Maître Capello, merci beaucoup pour votre observation. Mais vu qu'il y a aussi la possibilité que le participe présent ait une valeur dans ce contexte proche de celle de "bien que", je crois que ça me va... 
Bonne journée et joyeuses fêtes!!
Ch.


----------



## Maître Capello

Chimène said:


> Maître Capello, merci beaucoup pour votre observation. Mais vu qu'il y a aussi la possibilité que le participe présent ait une valeur dans ce contexte proche de celle de "bien que", je crois que ça me va...
> Bonne journée et joyeuses fêtes!!
> Ch.



Non, le participe présent ne peut pas avoir un sens proche de _bien que_. Il faut donc impérativement trouver une autre solution que ce participe présent ! D'ailleurs, en quoi _bien que_ te dérange-t-il ?


----------



## Chimène

Maître Capello said:


> Non, le participe présent ne peut pas avoir un sens proche de _bien que_. Il faut donc impérativement trouver une autre solution que ce participe présent ! D'ailleurs, en quoi _bien que_ te dérange-t-il ?


 
Bonjour, Maître! Alors je n'avais pas bien compris votre réplique... 
Le _bien que_ ne me dérange en rien; mais il "fallait" justement trouver quelque chose d'autre qui pourrait le remplacer et garder à peu près son sens (même atténué). Si vous avez des propositions, je suis preneuse... 
Bonne soirée,
Ch.


----------



## Maître Capello

Chimène said:


> Bonjour, Maître! Alors je n'avais pas bien compris votre réplique...
> Le _bien que_ ne me dérange en rien; mais il "fallait" justement trouver quelque chose d'autre qui pourrait le remplacer et garder à peu près son sens (même atténué). Si vous avez des propositions, je suis preneuse...
> Bonne soirée,
> Ch.


Alors _quoique_…


----------



## Punky Zoé

Chimène said:


> bien que[/I] ne me dérange en rien; mais il "fallait" justement trouver quelque chose d'autre qui pourrait le remplacer et garder à peu près son sens (même atténué).

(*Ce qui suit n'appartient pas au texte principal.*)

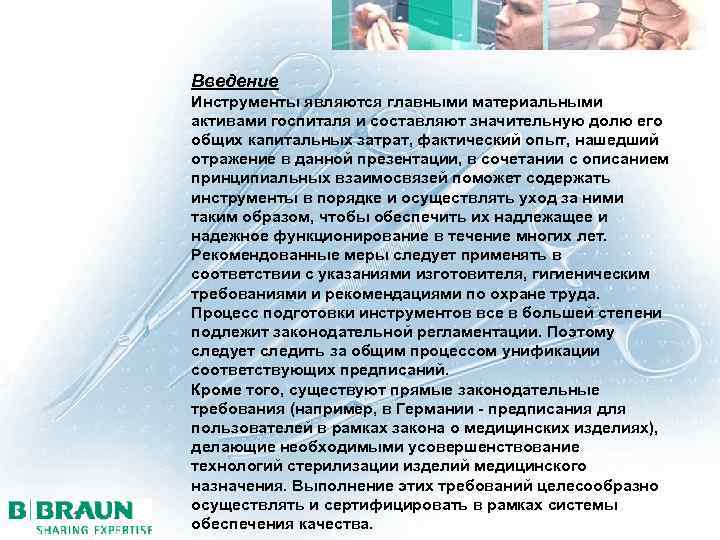 Введение Инструменты являются главными материальными активами госпиталя и составляют значительную долю его общих капитальных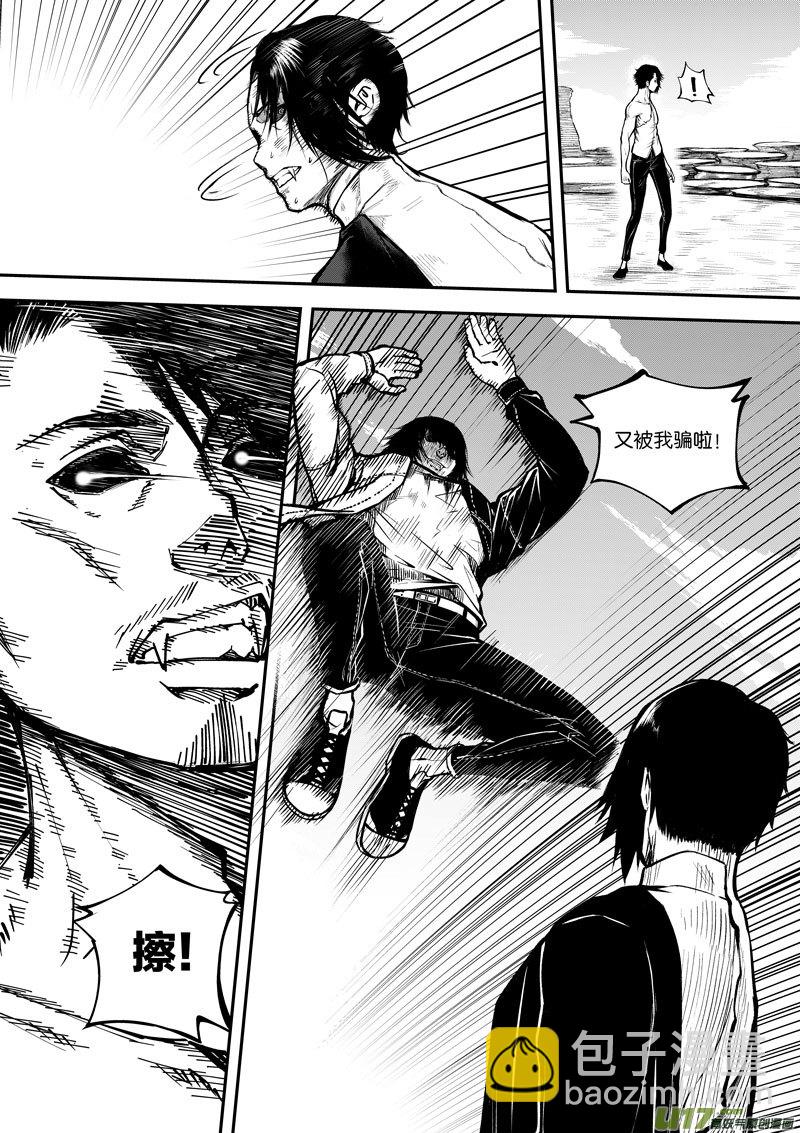 《僵界》58 第十九话 樊羿 第5页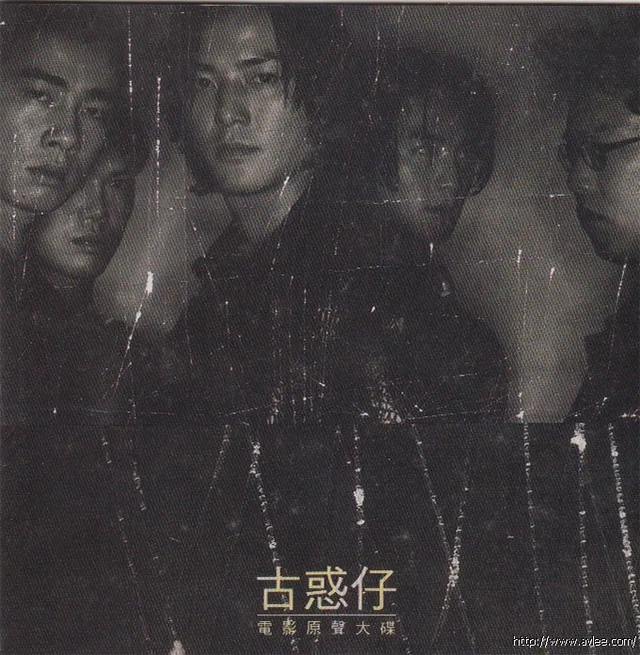 华语唱片30周年经典唱片集推荐01085 古惑子 电影原声大碟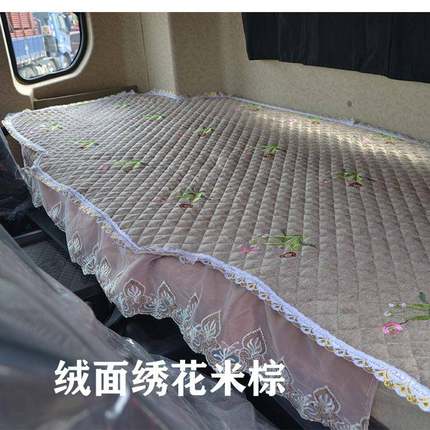 陕汽龙x300德货车卧铺垫新M000sF3000轩德X3493X360四季睡觉垫垫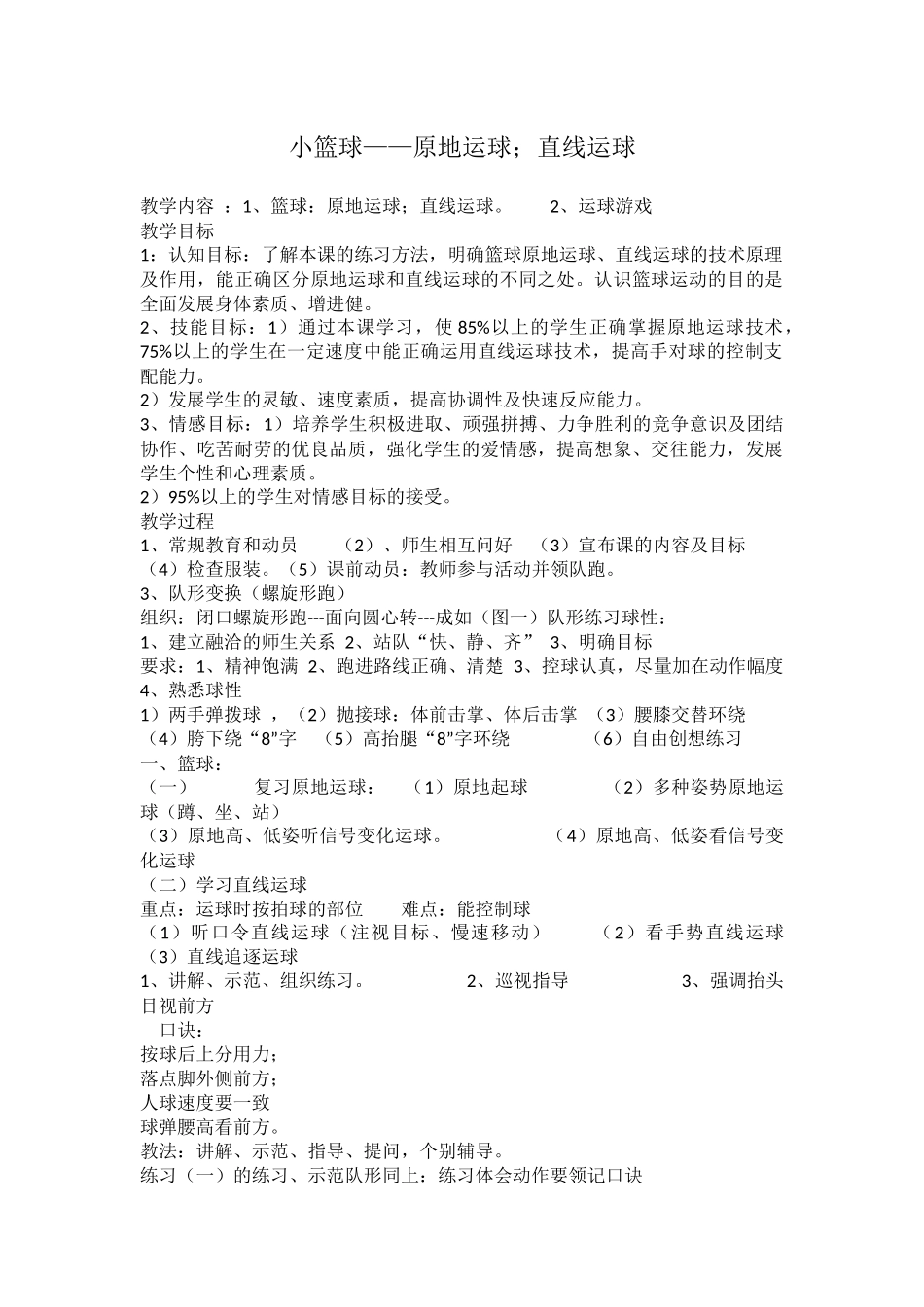 2014教学案例_第1页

Alors, "Malgré que nous n'ayons jamais ..." ou "même si nous n'avons jamais ..." (en plus de "quoique").


----------



## Lil_Dave

"malgré que " je ne pense pas que ce soit grammaticalement correct (en tout cas c'est ce qu'on m'a appris à l'école : malgré + nom uniquement)


----------



## Punky Zoé

Trésor : "*B.−* _Malgré que,_ loc. conj. [Marque la concession; loc. considérée comme incertaine par les puristes, même suivie du subj.; se rencontre except. avec l'ind. dans l'usage oral] Synon. de _bien que, encore que, quoique._ *1.* [Avec le subj.]  _Tu m'as fait sentir que, malgré que l'homme n'ait pas conservé dans son cœur la pureté et le courage, les anges eux-mêmes recherchent encore son alliance_ (Saint-Martin, _Homme désir,_ 1790, p. 114). _Et je pense à la ville (...) Malgré que la bêtise et l'intrigue hâtive N'y souffrent pas non plus qu'on rêve et qu'on Écrive_ (Cros, _Coffret santal,_ 1873, p. 73) :"

Je reconnais que c'est peu utilisé.


----------



## Le Païen

Pas du tout, Dave -- malgré que + subjonctif est très bon, synonyme de bien que, quoi que, encore que...


----------



## Chimène

Je remercie infiniment tous les gens qui ont répondu à ma question / mon doute. Mais je vous demande encore: si vous deviez transmettre le même sens que peut véhiculer, par ex., _bien que_ sans avoir recours à une conjonction dite concessive (ou similaire), comment le feriez-vous? [Je sais, je pousse peut-être le bouchon un peu loin ].
Merci encore et bonnes fêtes!!


----------



## Chimène

Ps. Grevisse, dans _Le Bon Usage_, mentionne aussi _malgre que_ et en donne même des exemples tirés de Maupassant, etc. (si je ne m'abuse pas!).


----------



## Punky Zoé

Peut-être en disant:
"N_’ayant jamais fait partie de la maison, nous nous sentons pourtant (malgré tout), en tant que Clermontois, plus ‘Bibendum’ que jamais_."
ou "_N’ayant  même jamais fait partie de la maison, nous nous sentons, en tant que Clermontois, plus ‘Bibendum’ que jamais_."


----------



## Maître Capello

Ou alors tout simplement :

_Nous n'avons jamais fait partie de la maison, mais __en tant que Clermontois, __nous nous sentons plus « Bibendum » que jamais._


----------